In the mid-ninties (probably '94), I planted several grapefruit seeds. Several germinated, and they all got some white fuzzy stuff on them that made them sticky, and all but one of them died (maybe it was scale or something). The one that lived recovered, and I didn't see the white sticky stuff again until about twenty years later (but there wasn't very much of the stuff, it didn't last long, and it didn't harm the tree).

The tree that lived grew fine treating it like the other houseplants. I just watered it, pretty much (and at first, I misted it once in a while, since I heard that was good for citrus trees, since I'm in a semi-arid area). When it got bigger, I gave it fertilizer once in a while (24-8-16). It grew and lived with the same soil and treatment as the other houseplants (it does like more light than a golden pothos, though; it likes to be by a window). It's still alive, today, in fact.

We gave it bigger pots as it got bigger (and like many plants, it seems to get bigger the bigger the pot is). It has been an entirely indoor plant its whole life.

It should be noted that every once in a great while, my grapefruit tree's leaves shrivel up and then it puts on new growth (it's doing it now, in fact). It doesn't happen often (less often than once a year). I think it usually only happens if I forget to water it for too long, or don't give it enough light, or something (but it could be a coincidence and just do it on its own when it wants to). FYI: It's growing new shoots now.

The tree tends to put on more growth when given fertilizer, or when given supplemental lighting (it got a little supplemental light one year when I was starting tomatoes, watermelon and stuff indoors, as my tree was next to the growing environment), but it can be fine not growing for long periods.

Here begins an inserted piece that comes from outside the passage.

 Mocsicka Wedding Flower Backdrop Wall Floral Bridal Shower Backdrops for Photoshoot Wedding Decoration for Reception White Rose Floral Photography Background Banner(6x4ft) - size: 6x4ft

My tree was very small for a really long time, and it grew very slowly, but gradually came to be able to grow faster as it matured. I imagine if you gave it lots of light early on, it would grow faster.

I don't know the ideal conditions for grapefruit trees generally, but for my tree, that's my experience. My tree could be special, though; it is the only one that survived that infestation. Other than that, it hasn't been bothered notably by other pests (not even spider mites). It's never had any diseases, to my knowledge.

Germinating the seeds is pretty easy. I think I sprouted mine in plain potting soil, since that's what we had (not seed-starting mix). So, they must handle larger amounts of nitrogen better than tomatoes do. Anyway, if you want to keep trying (if your trees didn't live), you might find a tree that lives.

I've never had flowers or fruit on my tree. I'm guessing it might need more light and phosphorus for that.


There are a few common issues with citrus grown indoors.

  • I have seen them get 5 or 6 feet tall indoors, we are talking a plant that wants to be a tree!

  • If it gets enough light indoors normally the environment is dry enough to encourage spider mites. Seeing your citrus webbed by mites is not a pleasant sight. Higher humidity discourages mites. Soap and water will control but not eliminate an advanced infestation.

  • most soil less mixes popular for indoor mixes are ph neutral. If you have alkaline water over time the soil mix becomes alkaline and nutrient deficiencies can show up. The most common is the veins of the leaves are green and the rest of the leaf is yellow. Normally this is a deficiency in iron or manganese. I deal with this by adding garden soil yearly. It may be as alkaline as your water but seems to have more accessible nutrients.

  • oh, and very sharp thorns


There is lots of info online concerning growing citrus indoors. I know grapefruit trees get pretty big and so may be a challenge to keep indoors after a few years but you're not at a point to worry about this yet.

There are the basics to make sure are in place: keep your trees watered but make sure the pots have good drainage and offer room for the roots to grow. Florida soil is very sandy (I can say after having cared for a citrus tree there for a number of years) and so I emphasize the importance of good drainage. If you're willing to invest in your little tree I'd recommend using 'Cactus, Palm & Citrus Soil.' I have purchased it off the shelf at Home Depot here in Boston so I have to imagine you'll be able to find it in PA. I keep a potted blood-orange.

Make sure to put them outside in the sun whenever the temperatures are above 40(F) degrees to soak in as much natural light as possible. In a nutshell I'd say the important points are lots of light, good drainage & protect from the cold/wind.

I hope this advice is not too late and good luck.